Driving while intoxicated (DWI) is a crime in Texas. DWI is punishable by a range of sentencing possibilities. The penalties depend upon whether the crime is charged as a misdemeanor or felony. The nature of the charges will depend upon the severity of the incident, whether there were previous convictions for DWI, or whether there were additional aggravating factors that allow the judge to “enhance” the offender’s sentence after a conviction. Both misdemeanors and felonies are further broken down by class, with each class having its own range of penalties.
The most common crime residents encounter is a first offense DWI. A first offense DWI is a “Class B Misdemeanor”. A Class B Misdemeanor is punishable by a fine not to exceed $2,000.00, a term in jail not to exceed 180 days, or both, with a minimum jail sentence of 72 hours. The minimum sentence increases to six days if there is an open container of alcohol in the vehicle. A defendant is eligible for probation in lieu of a jail sentence; however, the defendant must successfully complete a driver’s education class and perform community service. Additionally, there is a mandatory license loss for 90 to 365 days. A judge is required to compel the defendant to install an ignition interlock device for any conviction if the defendant’s blood alcohol content (BAC) exceeds .15. A driver whose BAC exceeds 0.15 will be guilty of a Class A Misdemeanor, subject to the penalties discussed for Second Offense DWI below.
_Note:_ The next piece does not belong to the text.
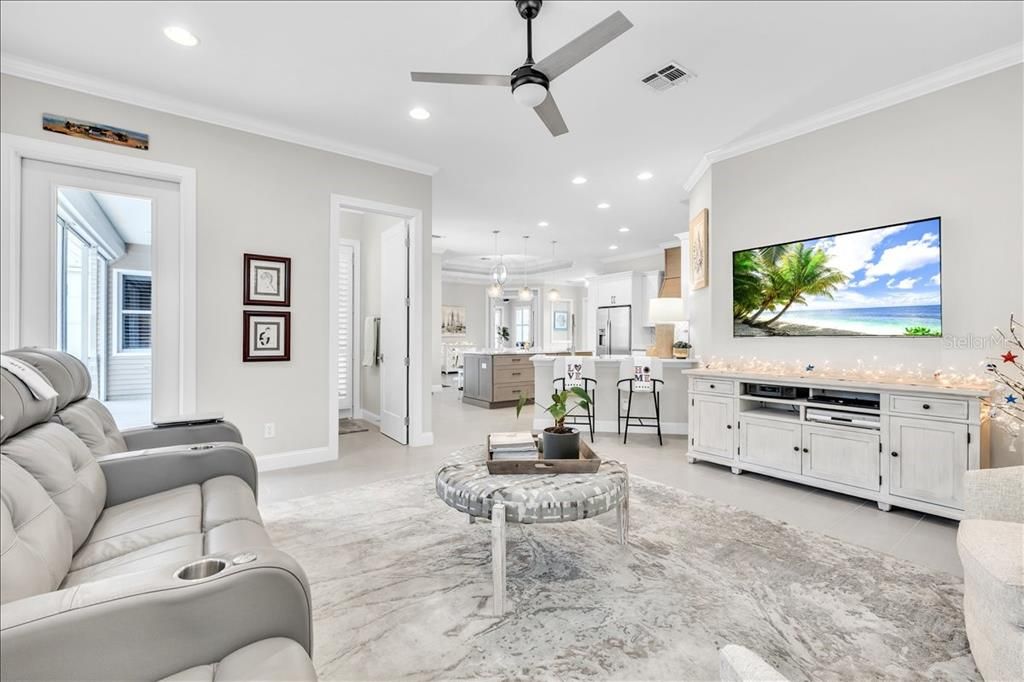 For Sale: $675,000 (4 beds, 2 baths, 2449 Square Feet)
A conviction for second offense DWI carries with it an enhanced penalty. There is no lookback provision in Texas, meaning there is no time limit between convictions. A defendant charged with second offense DWI will face pre-trial administrative penalties of license loss for one year. If convicted, the defendant will be guilty of a “Class A Misdemeanor”. A Class A Misdemeanor conviction for Second Offense DWI carries a maximum jail sentence of one year and a minimum jail sentence of 30 days. A fine not to exceed $4,000.00 may also be imposed. A defendant may receive probation and be compelled to attend a repeat offender’s class at DWI school.
A conviction upon a third offense DWI is a 3rd degree felony. Third degree felonies are punishable by a term of 2 to 10 years in the state penitentiary. A fine of $10,000.00 may also be imposed. The defendant’s driver’s license will also be suspended for 180 days to 2 years. Pre-trial administrative license loss may also be imposed.
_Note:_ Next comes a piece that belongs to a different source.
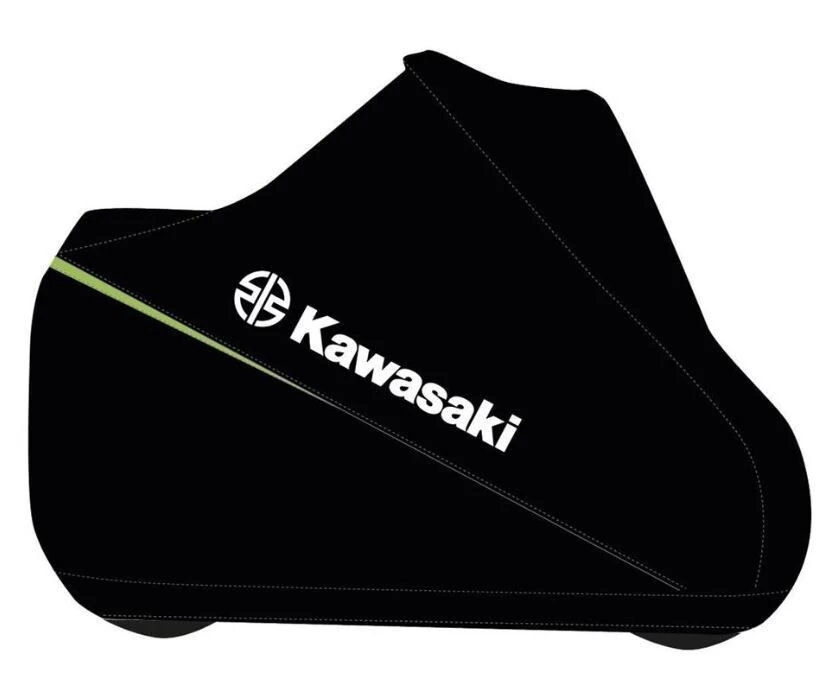 Kawasaki Indoor Hoes Large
Intoxicated Manslaughter, Intoxicated Driving with a Child Passenger, and Intoxication Assault are crimes commonly charged in Texas. Intoxication Manslaughter is a Second Degree felony. The penalty is 2 to 20 years incarceration in the state penitentiary but a defendant may receive probation. Intoxicated Driving with a Child Passenger is a felony punishable by incarceration in the state jail for not less than 180 days, not to exceed 2 years. Intoxicated assault is a 3rd degree felony, punishable by a term of 2 to 10 years in the state penitentiary.
The Texas Department of Public Safety can impose administrative penalties in addition to the criminal penalties after a conviction The Department of Public Safety may impose a surcharge between $1,000.00 to $2,000.00 per year for three years to keep your driver’s license.